A Second Order Non-Smooth Variational Model for Restoring Manifold-Valued Images

TL;DR

This paper develops a novel second order non-smooth variational model for restoring manifold-valued images, extending techniques from real-valued image processing to manifold data using differential geometry and convex optimization.

Contribution

It introduces the first second order difference and variational models for manifold-valued data, along with an efficient algorithm for denoising in symmetric spaces.

Findings

Effective denoising on n-sphere and positive definite matrices.

Convergence of the proposed algorithms in Hadamard spaces.
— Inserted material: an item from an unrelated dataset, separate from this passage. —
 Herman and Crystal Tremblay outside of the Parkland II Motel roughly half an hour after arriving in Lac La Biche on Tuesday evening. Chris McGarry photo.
Demonstrated practical performance of the method.

Abstract

We introduce a new non-smooth variational model for the restoration of manifold-valued data which includes second order differences in the regularization term. While such models were successfully applied for real-valued images, we introduce the second order difference and the corresponding variational models for manifold data, which up to now only existed for cyclic data. The approach requires a combination of techniques from numerical analysis, convex optimization and differential geometry. First, we establish a suitable definition of absolute second order differences for signals and images with values in a manifold. Employing this definition, we introduce a variational denoising model based on first and second order differences in the manifold setup. In order to minimize the corresponding functional, we develop an algorithm using an inexact cyclic proximal point algorithm. We propose an efficient strategy for the computation of the corresponding proximal mappings in symmetric spaces utilizing the machinery of Jacobi fields. For the n-sphere and the manifold of symmetric positive definite matrices, we demonstrate the performance of our algorithm in practice. We prove the convergence of the proposed exact and inexact variant of the cyclic proximal point algorithm in Hadamard spaces. These results which are of interest on its own include, e.g., the manifold of symmetric positive definite matrices.